Per­haps you could look at my lack of posts as the inverse reflec­tion of my life in the past week or two.

Per­haps you could look at my lack of posts as the inverse reflec­tion of my life in the past week or two. That is to say, I haven’t been post­ing because so much has been going on in the ana­log world of my life.

Angela and I just got back from vaca­tion, a week spent roam­ing two of the islands of Hawai’i. We were in some pret­ty rur­al coun­try, where the inter­net has­n’t yet tak­en to the air. How­ev­er, a break from work, house chores, and the online world has been entire­ly a good thing for the both of us. We trav­eled with some friends, which only made the trip that much more fun.

I also have a post or two wait­ing in the que, which I’ll get around to putting up.

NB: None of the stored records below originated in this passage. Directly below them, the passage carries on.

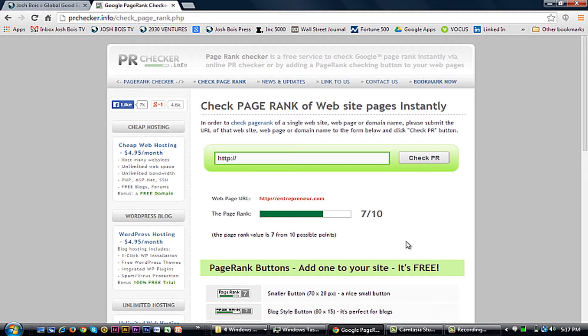As you can see, entrepreneur.com is a seven out of ten, which is very high. Some of the top sites in the world like Microsoft, Google itself, or Twitter are up in the seven, eight, nine, ten range.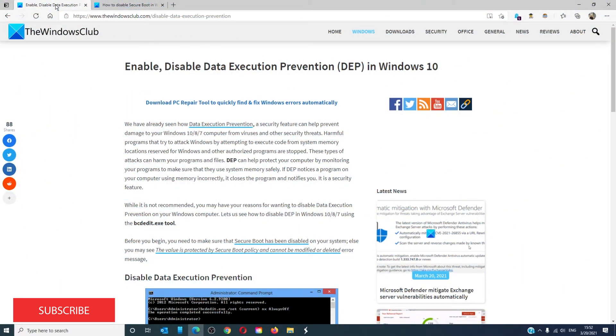For more helpful tips on how to maximize your Windows experience, go to our website thewindowsclub.com.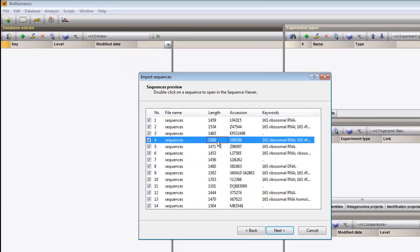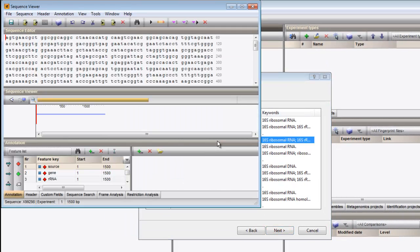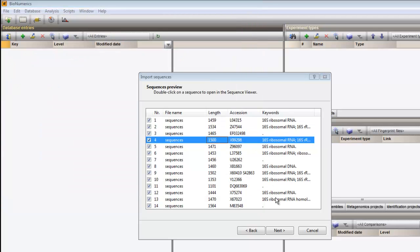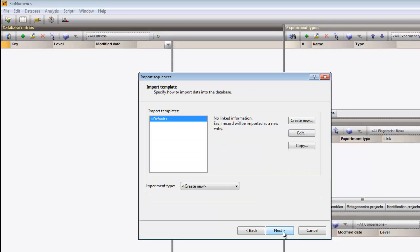Double-clicking on a sequence opens the data in the Sequence Viewer window. In the next dialog, we will create a new import template for this kind of file format.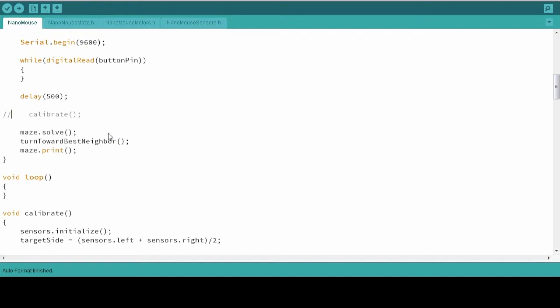We now have all the functions we need to get our mouse through the maze. It's just a matter of putting them in the right order. So the first thing we're going to do is get rid of the comments for the calibrate function. We definitely want this to run every time we start our mouse through the maze.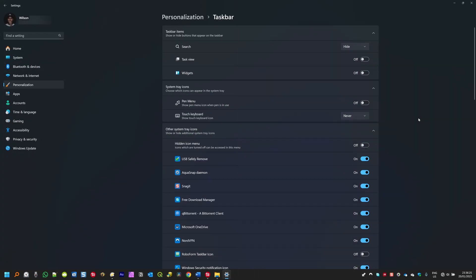Well everyone, this is how you customize your Windows 11 taskbar. If you found this video valuable, don't forget to like it, share it, and subscribe to the channel. I'll see you in the next video. Have a good day.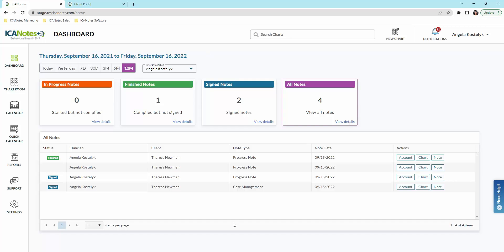Hello and welcome to this demonstration of our new software, Iconotes Plus. Right now you see that we are on the dashboard. The dashboard will be the first thing that you see when you sign into your account.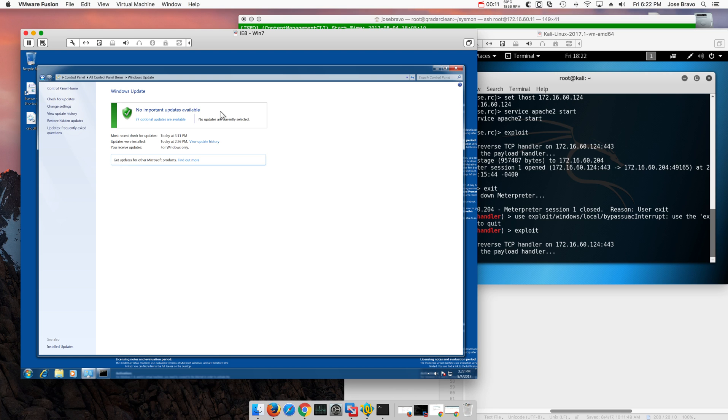This Windows machine that is in here, as you can see, is patched up as of today, right? So the machine is fully current.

They may feel a lit­tle out-of-date, but what else is new around here. Last­ly, we took some 1,570 pho­tos while on vaca­tion (not to men­tion Travis’ 35mm pho­tos), of which maybe 50 or so are worth post­ing on Flickr, so look out for those if you’re inter­est­ed in such things. The write-up on our trip will also be found here soon, as well.

Note: If you haven’t been read­ing their blog, friends Katie and Kevin are blog­ging dai­ly their trip across the coun­try from Cookeville, Ten­nessee to Port­land, Ore­gon. Kev­in’s posts are great read­ing and they have some ter­rif­ic pho­tos of their trip and var­i­ous nation­al parks along the way so far.